**PROBLEM REQUIREMENTS**
Restating every entry exactly is the whole task.

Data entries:
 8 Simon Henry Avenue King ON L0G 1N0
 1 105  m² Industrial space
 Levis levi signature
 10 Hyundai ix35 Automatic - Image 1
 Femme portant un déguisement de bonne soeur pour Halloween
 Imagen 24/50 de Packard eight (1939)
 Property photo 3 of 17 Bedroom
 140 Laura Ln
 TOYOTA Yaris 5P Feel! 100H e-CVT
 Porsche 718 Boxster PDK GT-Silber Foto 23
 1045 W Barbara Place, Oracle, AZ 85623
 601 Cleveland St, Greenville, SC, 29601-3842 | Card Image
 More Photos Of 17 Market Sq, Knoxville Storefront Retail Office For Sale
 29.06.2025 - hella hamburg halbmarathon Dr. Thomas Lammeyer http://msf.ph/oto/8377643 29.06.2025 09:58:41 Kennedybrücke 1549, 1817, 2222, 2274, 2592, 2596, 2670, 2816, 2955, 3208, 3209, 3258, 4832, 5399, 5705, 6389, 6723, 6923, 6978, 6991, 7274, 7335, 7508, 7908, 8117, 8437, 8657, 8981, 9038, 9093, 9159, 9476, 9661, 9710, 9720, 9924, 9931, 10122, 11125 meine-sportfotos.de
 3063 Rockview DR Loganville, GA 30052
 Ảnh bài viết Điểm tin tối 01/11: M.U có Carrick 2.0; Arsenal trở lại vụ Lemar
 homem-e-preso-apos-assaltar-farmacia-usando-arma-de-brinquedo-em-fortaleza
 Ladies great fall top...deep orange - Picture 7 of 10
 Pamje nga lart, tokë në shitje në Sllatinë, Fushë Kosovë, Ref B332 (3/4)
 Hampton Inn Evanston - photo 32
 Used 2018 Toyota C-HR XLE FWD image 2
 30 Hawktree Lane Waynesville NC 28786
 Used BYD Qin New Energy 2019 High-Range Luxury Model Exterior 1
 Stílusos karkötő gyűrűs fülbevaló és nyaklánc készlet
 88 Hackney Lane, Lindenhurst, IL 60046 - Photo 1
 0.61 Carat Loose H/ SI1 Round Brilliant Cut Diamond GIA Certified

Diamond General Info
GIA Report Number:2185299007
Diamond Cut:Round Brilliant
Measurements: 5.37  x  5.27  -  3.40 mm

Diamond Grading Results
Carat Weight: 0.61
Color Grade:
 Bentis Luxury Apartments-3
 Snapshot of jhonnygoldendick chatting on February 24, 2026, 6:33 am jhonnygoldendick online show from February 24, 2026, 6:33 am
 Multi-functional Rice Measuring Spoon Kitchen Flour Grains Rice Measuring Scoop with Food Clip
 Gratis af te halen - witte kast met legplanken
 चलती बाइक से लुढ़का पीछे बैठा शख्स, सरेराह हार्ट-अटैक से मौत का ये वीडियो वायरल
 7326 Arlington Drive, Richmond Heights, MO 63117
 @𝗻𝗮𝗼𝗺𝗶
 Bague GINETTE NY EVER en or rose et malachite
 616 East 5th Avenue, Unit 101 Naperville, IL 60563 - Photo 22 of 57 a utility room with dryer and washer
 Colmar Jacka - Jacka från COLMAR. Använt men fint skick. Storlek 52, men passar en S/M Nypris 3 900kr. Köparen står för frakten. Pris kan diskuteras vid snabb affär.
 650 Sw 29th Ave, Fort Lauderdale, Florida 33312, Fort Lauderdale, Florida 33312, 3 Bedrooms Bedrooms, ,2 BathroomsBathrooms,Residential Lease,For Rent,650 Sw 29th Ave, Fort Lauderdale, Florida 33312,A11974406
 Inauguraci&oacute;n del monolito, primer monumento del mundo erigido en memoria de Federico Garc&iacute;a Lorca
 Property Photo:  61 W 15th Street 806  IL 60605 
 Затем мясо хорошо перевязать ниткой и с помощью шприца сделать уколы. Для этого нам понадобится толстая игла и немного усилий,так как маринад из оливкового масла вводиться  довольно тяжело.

**RESPONSE TO THIS TASK**
 8 Simon Henry Avenue King ON L0G 1N0
 1 105  m² Industrial space
 Levis levi signature
 10 Hyundai ix35 Automatic - Image 1
 Femme portant un déguisement de bonne soeur pour Halloween
 Imagen 24/50 de Packard eight (1939)
 Property photo 3 of 17 Bedroom
 140 Laura Ln
 TOYOTA Yaris 5P Feel! 100H e-CVT
 Porsche 718 Boxster PDK GT-Silber Foto 23
 1045 W Barbara Place, Oracle, AZ 85623
 601 Cleveland St, Greenville, SC, 29601-3842 | Card Image
 More Photos Of 17 Market Sq, Knoxville Storefront Retail Office For Sale
 29.06.2025 - hella hamburg halbmarathon Dr. Thomas Lammeyer http://msf.ph/oto/8377643 29.06.2025 09:58:41 Kennedybrücke 1549, 1817, 2222, 2274, 2592, 2596, 2670, 2816, 2955, 3208, 3209, 3258, 4832, 5399, 5705, 6389, 6723, 6923, 6978, 6991, 7274, 7335, 7508, 7908, 8117, 8437, 8657, 8981, 9038, 9093, 9159, 9476, 9661, 9710, 9720, 9924, 9931, 10122, 11125 meine-sportfotos.de
 3063 Rockview DR Loganville, GA 30052
 Ảnh bài viết Điểm tin tối 01/11: M.U có Carrick 2.0; Arsenal trở lại vụ Lemar
 homem-e-preso-apos-assaltar-farmacia-usando-arma-de-brinquedo-em-fortaleza
 Ladies great fall top...deep orange - Picture 7 of 10
 Pamje nga lart, tokë në shitje në Sllatinë, Fushë Kosovë, Ref B332 (3/4)
 Hampton Inn Evanston - photo 32
 Used 2018 Toyota C-HR XLE FWD image 2
 30 Hawktree Lane Waynesville NC 28786
 Used BYD Qin New Energy 2019 High-Range Luxury Model Exterior 1
 Stílusos karkötő gyűrűs fülbevaló és nyaklánc készlet
 88 Hackney Lane, Lindenhurst, IL 60046 - Photo 1
 0.61 Carat Loose H/ SI1 Round Brilliant Cut Diamond GIA Certified

Diamond General Info
GIA Report Number:2185299007
Diamond Cut:Round Brilliant
Measurements: 5.37  x  5.27  -  3.40 mm

Diamond Grading Results
Carat Weight: 0.61
Color Grade:
 Bentis Luxury Apartments-3
 Snapshot of jhonnygoldendick chatting on February 24, 2026, 6:33 am jhonnygoldendick online show from February 24, 2026, 6:33 am
 Multi-functional Rice Measuring Spoon Kitchen Flour Grains Rice Measuring Scoop with Food Clip
 Gratis af te halen - witte kast met legplanken
 चलती बाइक से लुढ़का पीछे बैठा शख्स, सरेराह हार्ट-अटैक से मौत का ये वीडियो वायरल
 7326 Arlington Drive, Richmond Heights, MO 63117
 @𝗻𝗮𝗼𝗺𝗶
 Bague GINETTE NY EVER en or rose et malachite
 616 East 5th Avenue, Unit 101 Naperville, IL 60563 - Photo 22 of 57 a utility room with dryer and washer
 Colmar Jacka - Jacka från COLMAR. Använt men fint skick. Storlek 52, men passar en S/M Nypris 3 900kr. Köparen står för frakten. Pris kan diskuteras vid snabb affär.
 650 Sw 29th Ave, Fort Lauderdale, Florida 33312, Fort Lauderdale, Florida 33312, 3 Bedrooms Bedrooms, ,2 BathroomsBathrooms,Residential Lease,For Rent,650 Sw 29th Ave, Fort Lauderdale, Florida 33312,A11974406
 Inauguraci&oacute;n del monolito, primer monumento del mundo erigido en memoria de Federico Garc&iacute;a Lorca
 Property Photo:  61 W 15th Street 806  IL 60605 
 Затем мясо хорошо перевязать ниткой и с помощью шприца сделать уколы. Для этого нам понадобится толстая игла и немного усилий,так как маринад из оливкового масла вводиться  довольно тяжело.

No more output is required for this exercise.